- _EXERCISE INSTRUCTIONS_:
Find the line below with "Paulmann URail LED-Spot" and the line with "Blue Gum Trees, Silver". Output them and the lines between, exactly, but not the pictures.

- _INFORMATION PROVIDED_:
⟨

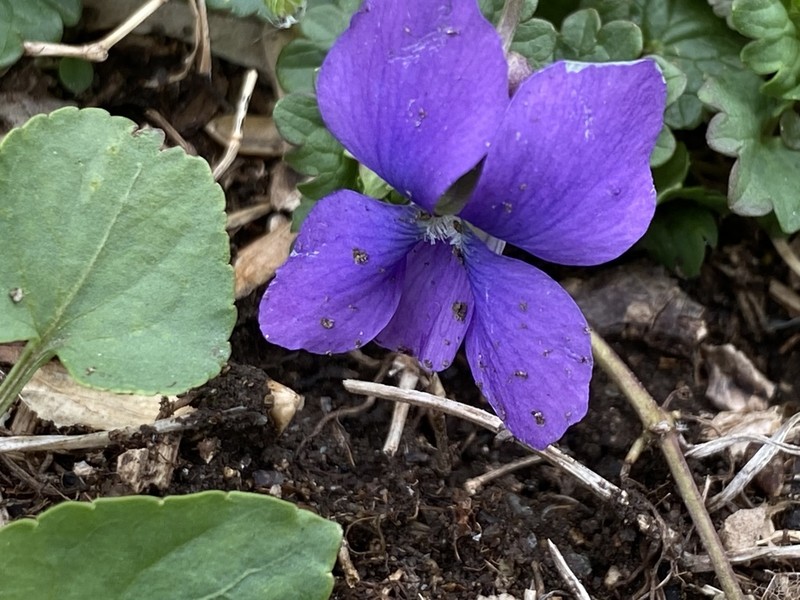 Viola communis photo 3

⟩
⟨

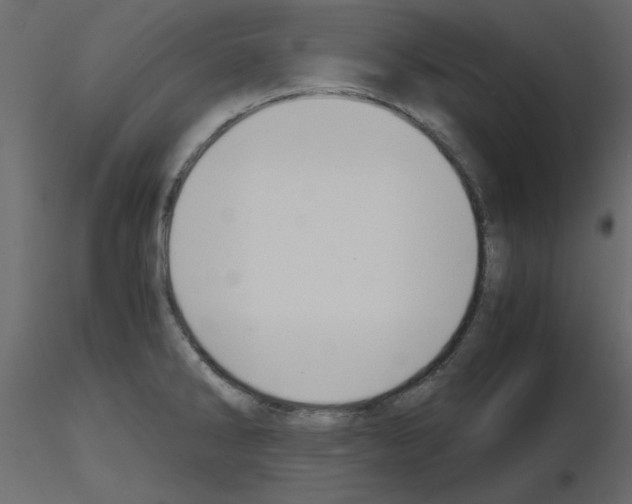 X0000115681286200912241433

⟩
⟨

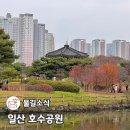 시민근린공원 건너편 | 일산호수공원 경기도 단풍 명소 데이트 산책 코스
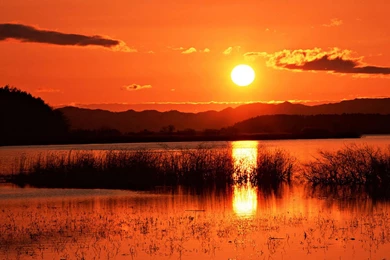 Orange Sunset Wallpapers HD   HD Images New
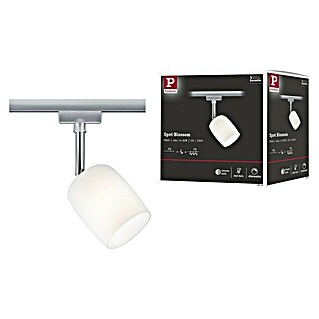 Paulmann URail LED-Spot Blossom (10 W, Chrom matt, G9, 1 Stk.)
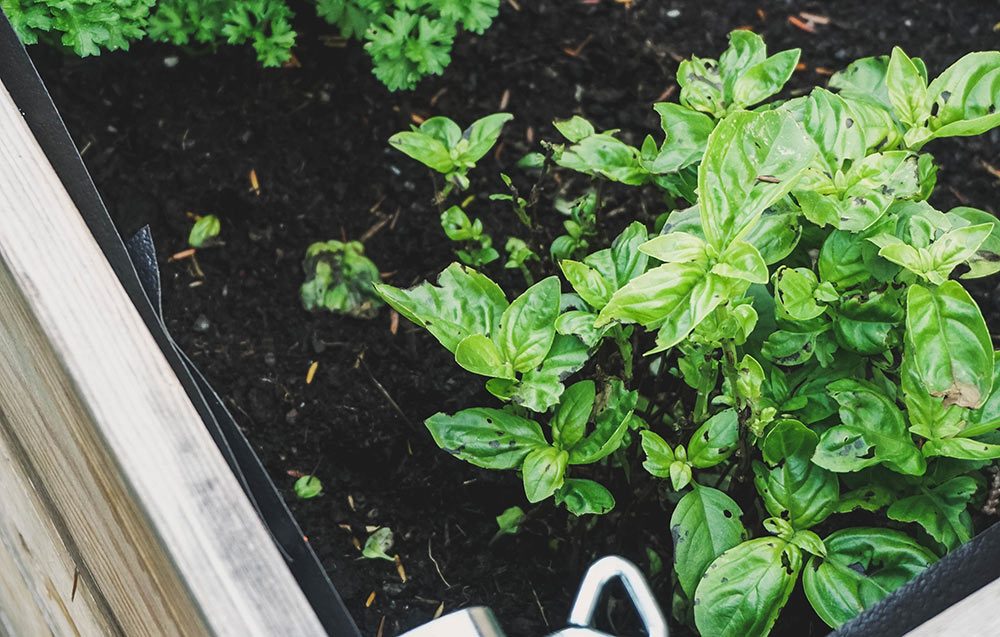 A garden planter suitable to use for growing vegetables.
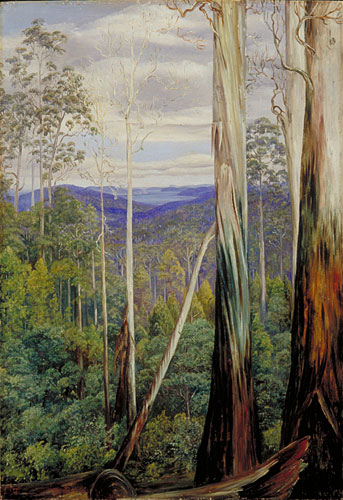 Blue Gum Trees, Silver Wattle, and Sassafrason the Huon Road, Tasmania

⟩

- _REPLY TO THE TASK_:
 Paulmann URail LED-Spot Blossom (10 W, Chrom matt, G9, 1 Stk.)
 A garden planter suitable to use for growing vegetables.
 Blue Gum Trees, Silver Wattle, and Sassafrason the Huon Road, Tasmania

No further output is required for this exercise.